→ EXERCISE GOAL: From the material below, return exactly the lines starting at the one that holds "6 Panels Navy" and ending at the one that holds "Umleitungspläne für die Baumaßnahme". Pictures stay out of the answer.

→ SUPPLIED MATERIAL:
+ + + + + + +

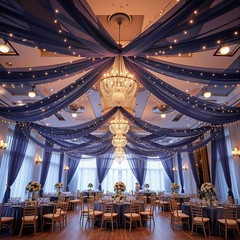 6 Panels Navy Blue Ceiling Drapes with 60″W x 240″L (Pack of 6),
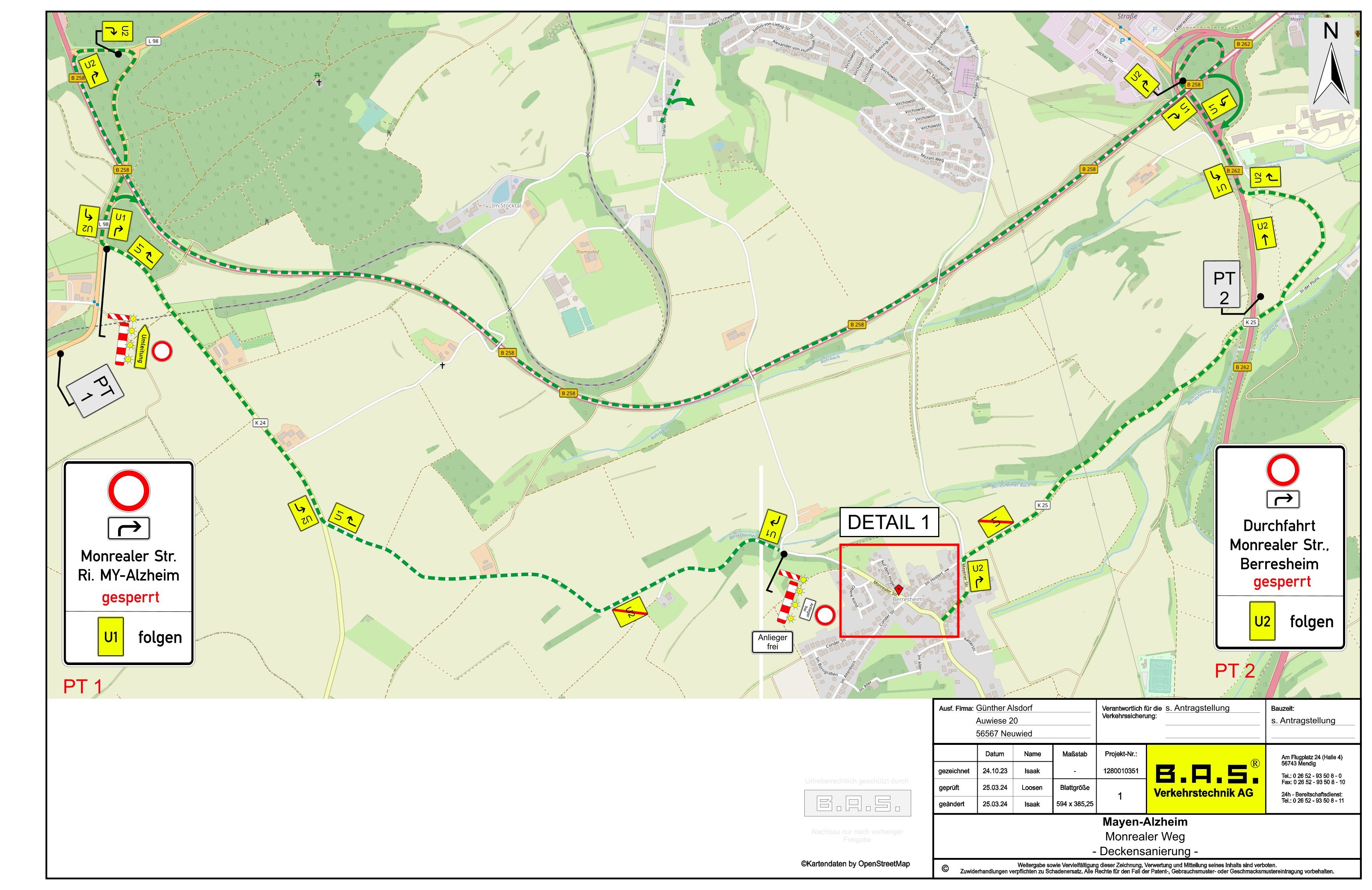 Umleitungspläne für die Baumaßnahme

+ + + + + + +

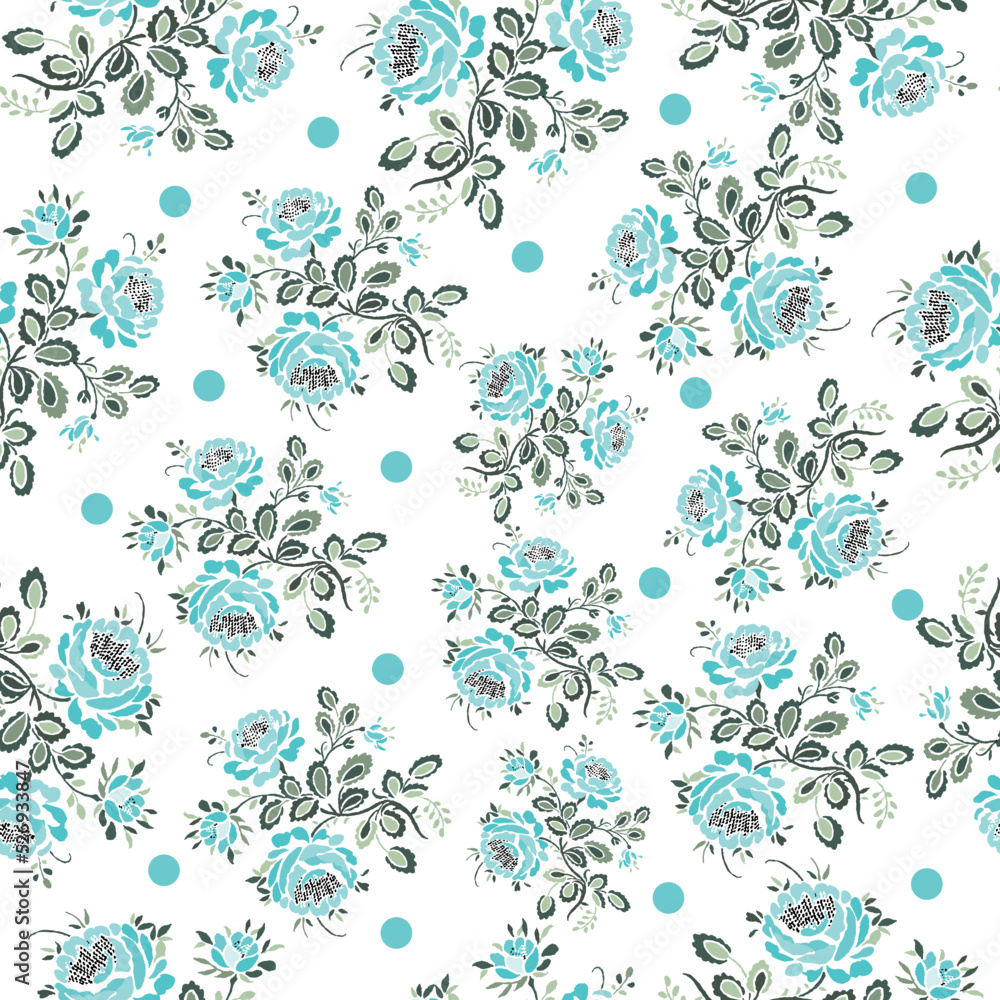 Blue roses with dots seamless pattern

+ + + + + + +

→ ANSWER TO THIS PROBLEM:
 6 Panels Navy Blue Ceiling Drapes with 60″W x 240″L (Pack of 6),
 Umleitungspläne für die Baumaßnahme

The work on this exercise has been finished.